TASK DIRECTIONS
Images are to be excluded from the copy, and the records below reproduced word for word.

====

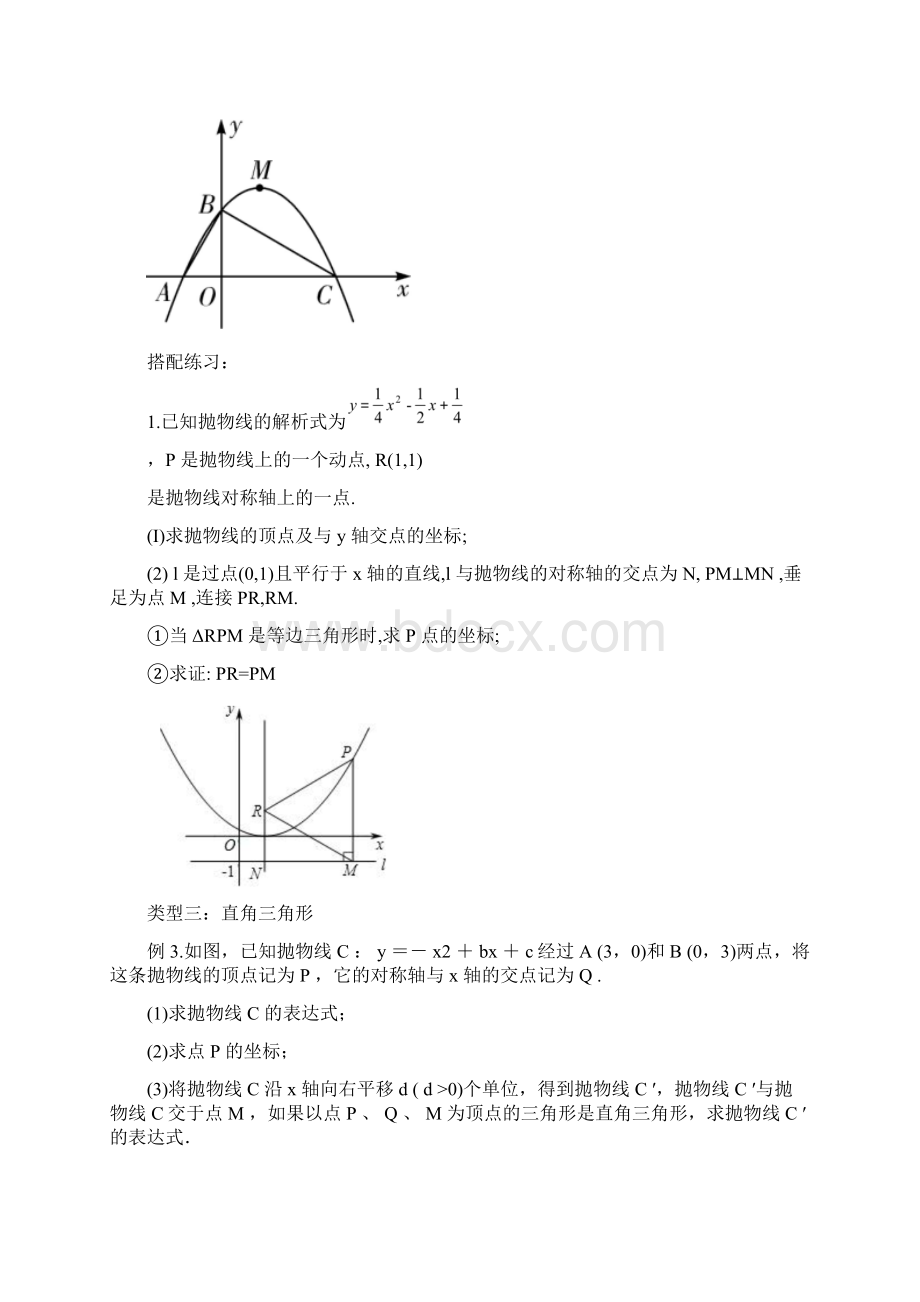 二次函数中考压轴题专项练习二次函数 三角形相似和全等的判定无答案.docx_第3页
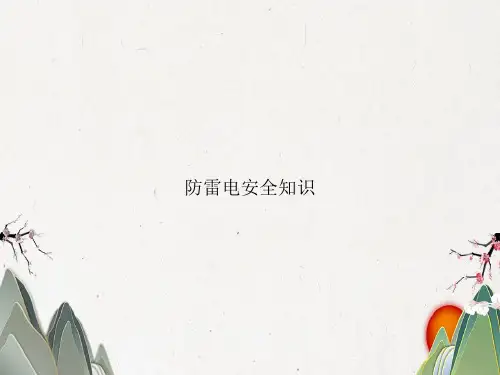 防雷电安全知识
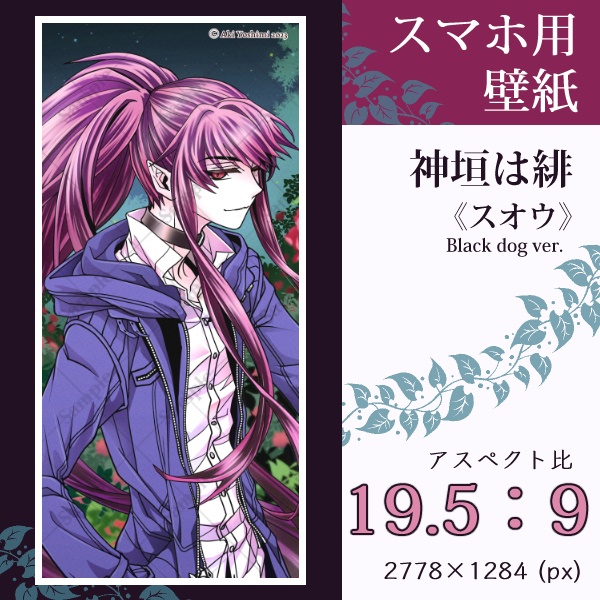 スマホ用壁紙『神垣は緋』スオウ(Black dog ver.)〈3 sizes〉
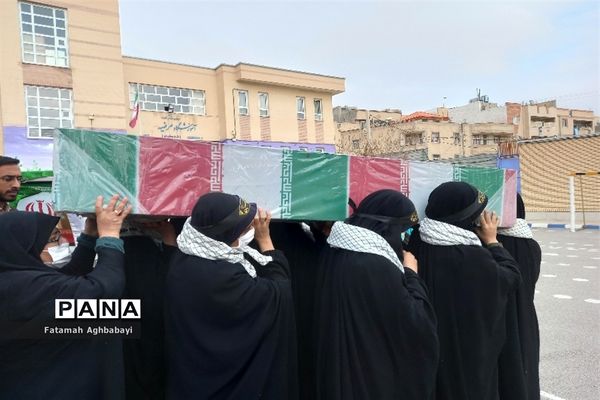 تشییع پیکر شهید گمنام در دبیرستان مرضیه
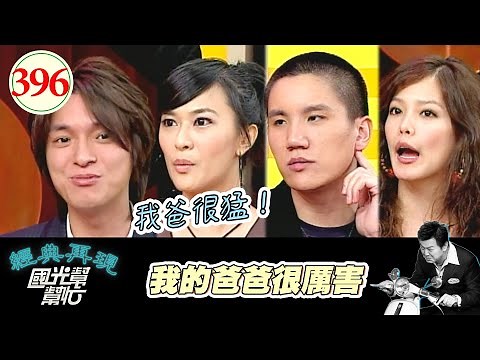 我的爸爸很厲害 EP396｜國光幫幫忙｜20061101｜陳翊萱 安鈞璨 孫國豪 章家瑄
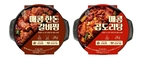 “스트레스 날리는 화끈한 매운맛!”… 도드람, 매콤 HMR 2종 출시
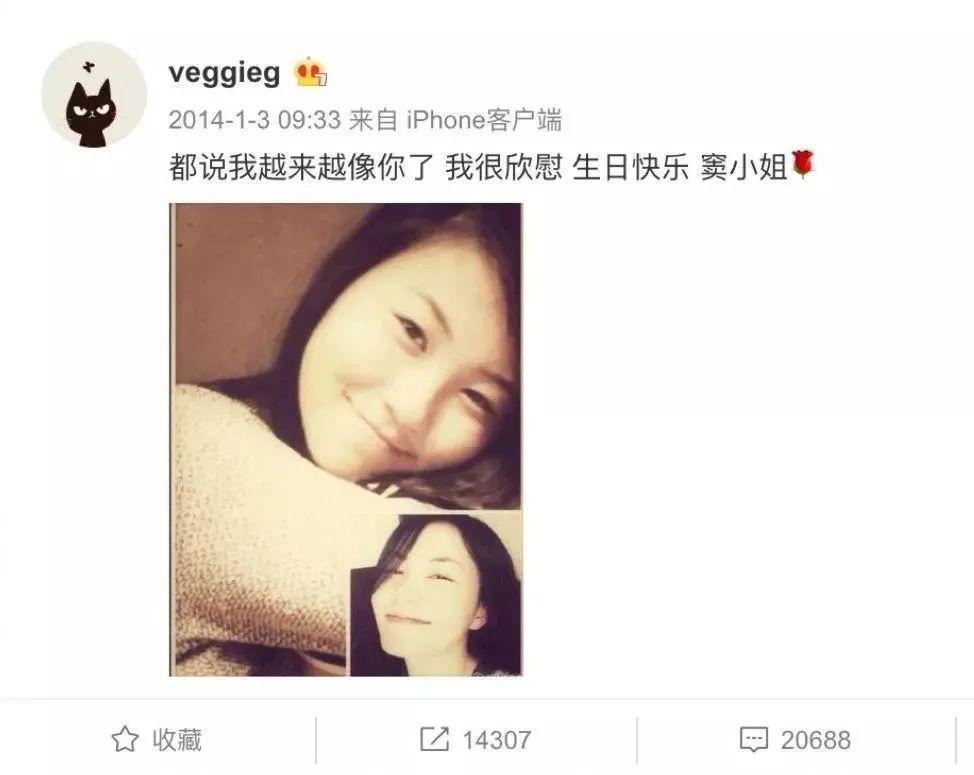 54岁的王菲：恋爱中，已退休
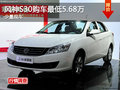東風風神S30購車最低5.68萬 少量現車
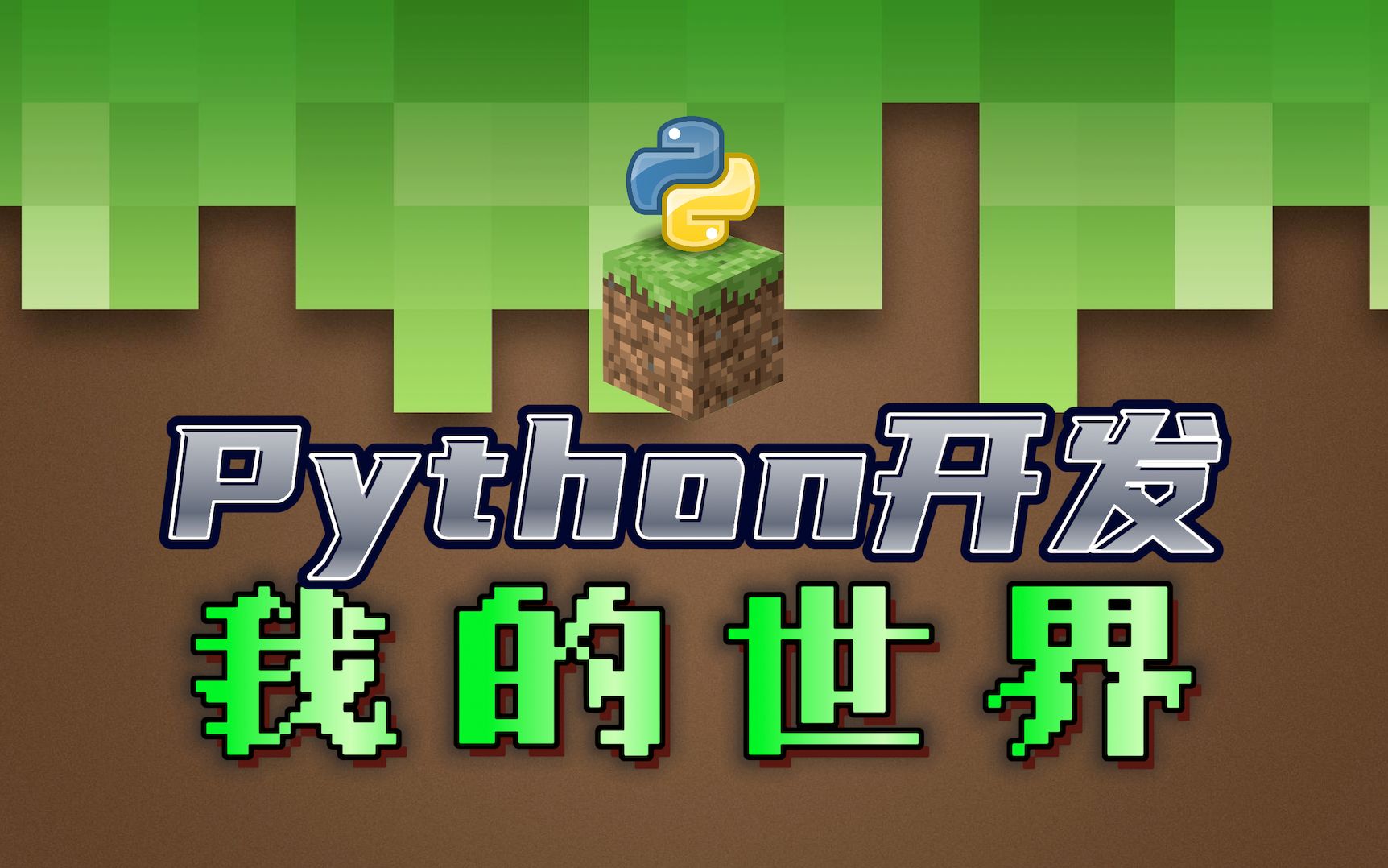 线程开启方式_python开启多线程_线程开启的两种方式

====

TASK SOLUTION
 二次函数中考压轴题专项练习二次函数 三角形相似和全等的判定无答案.docx_第3页
 防雷电安全知识
 スマホ用壁紙『神垣は緋』スオウ(Black dog ver.)〈3 sizes〉
 تشییع پیکر شهید گمنام در دبیرستان مرضیه
 我的爸爸很厲害 EP396｜國光幫幫忙｜20061101｜陳翊萱 安鈞璨 孫國豪 章家瑄
 “스트레스 날리는 화끈한 매운맛!”… 도드람, 매콤 HMR 2종 출시
 54岁的王菲：恋爱中，已退休
東風風神S30購車最低5.68萬 少量現車
 线程开启方式_python开启多线程_线程开启的两种方式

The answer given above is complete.